++++ Data to use
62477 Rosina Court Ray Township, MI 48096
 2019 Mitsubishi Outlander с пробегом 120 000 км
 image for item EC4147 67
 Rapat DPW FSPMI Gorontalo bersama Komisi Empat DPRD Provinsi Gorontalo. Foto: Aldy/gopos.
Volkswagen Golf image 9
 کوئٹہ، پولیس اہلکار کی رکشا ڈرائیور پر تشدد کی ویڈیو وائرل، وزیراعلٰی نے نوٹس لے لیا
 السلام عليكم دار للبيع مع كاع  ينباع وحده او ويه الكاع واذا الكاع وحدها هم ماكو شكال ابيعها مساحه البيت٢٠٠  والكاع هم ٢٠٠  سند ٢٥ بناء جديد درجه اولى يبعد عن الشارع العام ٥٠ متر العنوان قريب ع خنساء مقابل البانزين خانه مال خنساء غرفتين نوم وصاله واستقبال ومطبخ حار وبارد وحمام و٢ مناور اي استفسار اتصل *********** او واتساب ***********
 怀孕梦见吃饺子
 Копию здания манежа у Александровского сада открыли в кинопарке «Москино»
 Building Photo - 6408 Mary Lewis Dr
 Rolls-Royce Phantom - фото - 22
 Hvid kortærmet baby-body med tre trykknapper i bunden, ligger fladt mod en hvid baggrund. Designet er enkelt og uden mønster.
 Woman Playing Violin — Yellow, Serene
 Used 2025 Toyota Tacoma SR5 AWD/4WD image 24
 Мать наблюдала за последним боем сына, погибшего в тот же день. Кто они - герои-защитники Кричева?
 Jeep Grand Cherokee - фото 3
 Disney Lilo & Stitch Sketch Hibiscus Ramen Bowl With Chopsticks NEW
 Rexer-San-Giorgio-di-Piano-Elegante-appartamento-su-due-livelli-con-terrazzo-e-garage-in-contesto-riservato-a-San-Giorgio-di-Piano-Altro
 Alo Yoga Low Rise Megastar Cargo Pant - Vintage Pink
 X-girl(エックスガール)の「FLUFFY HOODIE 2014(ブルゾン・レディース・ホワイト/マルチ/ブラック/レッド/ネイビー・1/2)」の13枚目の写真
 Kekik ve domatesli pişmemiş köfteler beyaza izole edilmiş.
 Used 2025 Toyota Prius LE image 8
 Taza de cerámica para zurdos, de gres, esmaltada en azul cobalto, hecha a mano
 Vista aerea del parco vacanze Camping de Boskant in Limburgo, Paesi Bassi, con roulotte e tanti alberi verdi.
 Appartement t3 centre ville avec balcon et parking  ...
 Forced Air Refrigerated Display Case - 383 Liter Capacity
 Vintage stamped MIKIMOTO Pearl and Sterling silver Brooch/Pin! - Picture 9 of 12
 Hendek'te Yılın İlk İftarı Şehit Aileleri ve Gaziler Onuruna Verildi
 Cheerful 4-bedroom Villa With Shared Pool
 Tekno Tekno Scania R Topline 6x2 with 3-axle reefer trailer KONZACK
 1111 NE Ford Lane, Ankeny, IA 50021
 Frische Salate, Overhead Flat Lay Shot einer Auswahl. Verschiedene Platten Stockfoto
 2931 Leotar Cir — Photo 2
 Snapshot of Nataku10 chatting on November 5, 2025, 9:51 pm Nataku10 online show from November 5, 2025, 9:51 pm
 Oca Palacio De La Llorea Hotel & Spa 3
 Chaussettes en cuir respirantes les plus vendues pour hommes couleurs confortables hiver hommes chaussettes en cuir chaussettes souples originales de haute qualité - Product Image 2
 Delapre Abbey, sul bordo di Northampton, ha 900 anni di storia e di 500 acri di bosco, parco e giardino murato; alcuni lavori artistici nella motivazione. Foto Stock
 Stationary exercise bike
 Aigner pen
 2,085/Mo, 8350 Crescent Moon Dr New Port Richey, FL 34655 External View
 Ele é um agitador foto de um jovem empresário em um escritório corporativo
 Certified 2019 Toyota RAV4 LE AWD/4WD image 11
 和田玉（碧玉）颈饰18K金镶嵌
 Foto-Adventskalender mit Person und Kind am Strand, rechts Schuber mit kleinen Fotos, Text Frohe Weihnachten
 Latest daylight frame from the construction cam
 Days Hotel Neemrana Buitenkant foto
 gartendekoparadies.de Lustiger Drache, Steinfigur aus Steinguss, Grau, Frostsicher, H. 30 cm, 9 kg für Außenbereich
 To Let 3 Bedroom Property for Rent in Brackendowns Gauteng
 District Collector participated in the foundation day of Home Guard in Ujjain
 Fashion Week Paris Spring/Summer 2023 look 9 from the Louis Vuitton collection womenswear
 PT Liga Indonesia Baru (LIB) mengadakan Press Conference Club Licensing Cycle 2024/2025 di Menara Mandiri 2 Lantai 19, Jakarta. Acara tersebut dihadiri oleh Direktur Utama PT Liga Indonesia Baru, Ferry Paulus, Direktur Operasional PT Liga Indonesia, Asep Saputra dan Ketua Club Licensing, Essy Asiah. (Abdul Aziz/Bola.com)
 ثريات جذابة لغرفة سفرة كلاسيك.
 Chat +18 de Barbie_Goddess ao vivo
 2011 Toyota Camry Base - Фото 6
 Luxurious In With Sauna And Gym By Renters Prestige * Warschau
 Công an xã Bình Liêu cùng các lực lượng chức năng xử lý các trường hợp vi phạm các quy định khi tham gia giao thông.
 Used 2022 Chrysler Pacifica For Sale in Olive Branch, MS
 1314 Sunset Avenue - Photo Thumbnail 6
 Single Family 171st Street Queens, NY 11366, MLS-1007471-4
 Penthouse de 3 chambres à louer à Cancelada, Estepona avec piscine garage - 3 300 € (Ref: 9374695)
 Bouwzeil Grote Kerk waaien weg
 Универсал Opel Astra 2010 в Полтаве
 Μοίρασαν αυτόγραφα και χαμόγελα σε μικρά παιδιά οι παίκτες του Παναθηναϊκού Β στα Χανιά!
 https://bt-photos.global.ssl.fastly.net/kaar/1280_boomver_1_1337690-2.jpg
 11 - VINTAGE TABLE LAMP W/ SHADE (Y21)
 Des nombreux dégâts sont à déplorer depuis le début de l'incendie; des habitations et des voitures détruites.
++++++++
- Your task: Set all the entries above down again exactly.

- Answer to this problem:
62477 Rosina Court Ray Township, MI 48096
 2019 Mitsubishi Outlander с пробегом 120 000 км
 image for item EC4147 67
 Rapat DPW FSPMI Gorontalo bersama Komisi Empat DPRD Provinsi Gorontalo. Foto: Aldy/gopos.
Volkswagen Golf image 9
 کوئٹہ، پولیس اہلکار کی رکشا ڈرائیور پر تشدد کی ویڈیو وائرل، وزیراعلٰی نے نوٹس لے لیا
 السلام عليكم دار للبيع مع كاع  ينباع وحده او ويه الكاع واذا الكاع وحدها هم ماكو شكال ابيعها مساحه البيت٢٠٠  والكاع هم ٢٠٠  سند ٢٥ بناء جديد درجه اولى يبعد عن الشارع العام ٥٠ متر العنوان قريب ع خنساء مقابل البانزين خانه مال خنساء غرفتين نوم وصاله واستقبال ومطبخ حار وبارد وحمام و٢ مناور اي استفسار اتصل *********** او واتساب ***********
 怀孕梦见吃饺子
 Копию здания манежа у Александровского сада открыли в кинопарке «Москино»
 Building Photo - 6408 Mary Lewis Dr
 Rolls-Royce Phantom - фото - 22
 Hvid kortærmet baby-body med tre trykknapper i bunden, ligger fladt mod en hvid baggrund. Designet er enkelt og uden mønster.
 Woman Playing Violin — Yellow, Serene
 Used 2025 Toyota Tacoma SR5 AWD/4WD image 24
 Мать наблюдала за последним боем сына, погибшего в тот же день. Кто они - герои-защитники Кричева?
 Jeep Grand Cherokee - фото 3
 Disney Lilo & Stitch Sketch Hibiscus Ramen Bowl With Chopsticks NEW
 Rexer-San-Giorgio-di-Piano-Elegante-appartamento-su-due-livelli-con-terrazzo-e-garage-in-contesto-riservato-a-San-Giorgio-di-Piano-Altro
 Alo Yoga Low Rise Megastar Cargo Pant - Vintage Pink
 X-girl(エックスガール)の「FLUFFY HOODIE 2014(ブルゾン・レディース・ホワイト/マルチ/ブラック/レッド/ネイビー・1/2)」の13枚目の写真
 Kekik ve domatesli pişmemiş köfteler beyaza izole edilmiş.
 Used 2025 Toyota Prius LE image 8
 Taza de cerámica para zurdos, de gres, esmaltada en azul cobalto, hecha a mano
 Vista aerea del parco vacanze Camping de Boskant in Limburgo, Paesi Bassi, con roulotte e tanti alberi verdi.
 Appartement t3 centre ville avec balcon et parking  ...
 Forced Air Refrigerated Display Case - 383 Liter Capacity
 Vintage stamped MIKIMOTO Pearl and Sterling silver Brooch/Pin! - Picture 9 of 12
 Hendek'te Yılın İlk İftarı Şehit Aileleri ve Gaziler Onuruna Verildi
 Cheerful 4-bedroom Villa With Shared Pool
 Tekno Tekno Scania R Topline 6x2 with 3-axle reefer trailer KONZACK
 1111 NE Ford Lane, Ankeny, IA 50021
 Frische Salate, Overhead Flat Lay Shot einer Auswahl. Verschiedene Platten Stockfoto
 2931 Leotar Cir — Photo 2
 Snapshot of Nataku10 chatting on November 5, 2025, 9:51 pm Nataku10 online show from November 5, 2025, 9:51 pm
 Oca Palacio De La Llorea Hotel & Spa 3
 Chaussettes en cuir respirantes les plus vendues pour hommes couleurs confortables hiver hommes chaussettes en cuir chaussettes souples originales de haute qualité - Product Image 2
 Delapre Abbey, sul bordo di Northampton, ha 900 anni di storia e di 500 acri di bosco, parco e giardino murato; alcuni lavori artistici nella motivazione. Foto Stock
 Stationary exercise bike
 Aigner pen
 2,085/Mo, 8350 Crescent Moon Dr New Port Richey, FL 34655 External View
 Ele é um agitador foto de um jovem empresário em um escritório corporativo
 Certified 2019 Toyota RAV4 LE AWD/4WD image 11
 和田玉（碧玉）颈饰18K金镶嵌
 Foto-Adventskalender mit Person und Kind am Strand, rechts Schuber mit kleinen Fotos, Text Frohe Weihnachten
 Latest daylight frame from the construction cam
 Days Hotel Neemrana Buitenkant foto
 gartendekoparadies.de Lustiger Drache, Steinfigur aus Steinguss, Grau, Frostsicher, H. 30 cm, 9 kg für Außenbereich
 To Let 3 Bedroom Property for Rent in Brackendowns Gauteng
 District Collector participated in the foundation day of Home Guard in Ujjain
 Fashion Week Paris Spring/Summer 2023 look 9 from the Louis Vuitton collection womenswear
 PT Liga Indonesia Baru (LIB) mengadakan Press Conference Club Licensing Cycle 2024/2025 di Menara Mandiri 2 Lantai 19, Jakarta. Acara tersebut dihadiri oleh Direktur Utama PT Liga Indonesia Baru, Ferry Paulus, Direktur Operasional PT Liga Indonesia, Asep Saputra dan Ketua Club Licensing, Essy Asiah. (Abdul Aziz/Bola.com)
 ثريات جذابة لغرفة سفرة كلاسيك.
 Chat +18 de Barbie_Goddess ao vivo
 2011 Toyota Camry Base - Фото 6
 Luxurious In With Sauna And Gym By Renters Prestige * Warschau
 Công an xã Bình Liêu cùng các lực lượng chức năng xử lý các trường hợp vi phạm các quy định khi tham gia giao thông.
 Used 2022 Chrysler Pacifica For Sale in Olive Branch, MS
 1314 Sunset Avenue - Photo Thumbnail 6
 Single Family 171st Street Queens, NY 11366, MLS-1007471-4
 Penthouse de 3 chambres à louer à Cancelada, Estepona avec piscine garage - 3 300 € (Ref: 9374695)
 Bouwzeil Grote Kerk waaien weg
 Универсал Opel Astra 2010 в Полтаве
 Μοίρασαν αυτόγραφα και χαμόγελα σε μικρά παιδιά οι παίκτες του Παναθηναϊκού Β στα Χανιά!
 https://bt-photos.global.ssl.fastly.net/kaar/1280_boomver_1_1337690-2.jpg
 11 - VINTAGE TABLE LAMP W/ SHADE (Y21)
 Des nombreux dégâts sont à déplorer depuis le début de l'incendie; des habitations et des voitures détruites.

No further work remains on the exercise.